For the tumor stage prognosis, the second-best results were 55.36% accuracy, 55.87% precision, 39.11% recall, and 39.07% f1-score achieved by the RF with LASSO feature selection and without SMOTE sampling. The worst results were achieved by the Linear SVM with PCA and SMOTE sampling.

For the vital status prognosis, the second-best results were 75.00% accuracy, 66.56% precision, 58.79% recall, and 59.33% f1-score achieved by the RF with LASSO feature selection and without SMOTE sampling. The worst results were achieved by the Linear SVM with PCA and SMOTE sampling.

4. Discussion and Conclusions

In this study, we showed that unsupervised non-linear DAE is an effective model to extract meaningful deep features of gene expression data from patients with kidney cancer. These features were significantly associated with the kidney cancer prognosis such as sample type, primary diagnosis, tumor stage, and vital status representing the state of patients. We also showed that the end-to-end hybrid deep learning architecture is more effective than the traditional machine learning analysis flow: feature extraction, sampling, classification.

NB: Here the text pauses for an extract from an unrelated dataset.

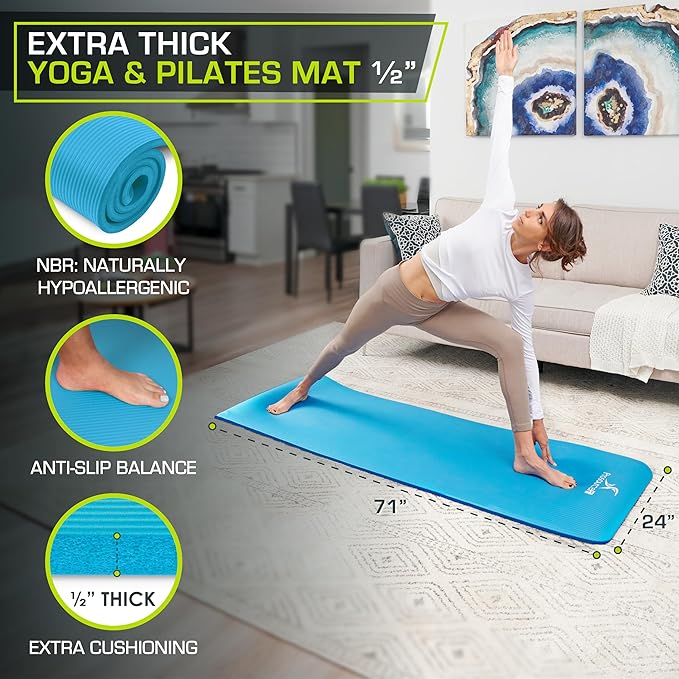 ProsourceFit Extra Thick Yoga and Pilates Mat ½” (13mm) or 1" (25mm), 71-inch Long High Density Exercise Mat with Comfort Foam and Carrying Strap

We compared the proposed COST-HDL approach with other traditional approaches, and it achieved better results for all prognosis on gene expression data. The deep features extracted by the DAE model were distinguished better than the features extracted by the PCA method and the features selected by the LASSO method on both the training and testing sets. Further, another class label was identified by the DAE method. The results obtained can be applied to extract deep features from gene biomarkers for prognosis prediction of kidney cancer from various causes and; hence, it is useful for preventing kidney cancer and early diagnosis.

This study can be improved in three ways. The first is to develop unsupervised deep symmetric autoencoder methods such as stacking more layers, denoising, or variational functions. The second is to modify loss function which can also handle the imbalance problem, reconstruction, and classification error. The third is to improve the classifier instead of using the only neural network, and add more layers or replace existing ones by other methods such as random forest, support vector machine, k nearest neighbor, etc. Although the experimental results show that the proposed hybrid approach has the potential to improve the prognosis prediction of kidney cancer, the identification of significant biomarkers and interpretability of the deep learning model is limited in our research. In the healthcare field, interpretability is one of the primary problems with deep learning, known as black-box. The proposed approach can be extended by addressing the problem of interpretability and the human-readability of deep learning models. We will explore these ideas in future analysis.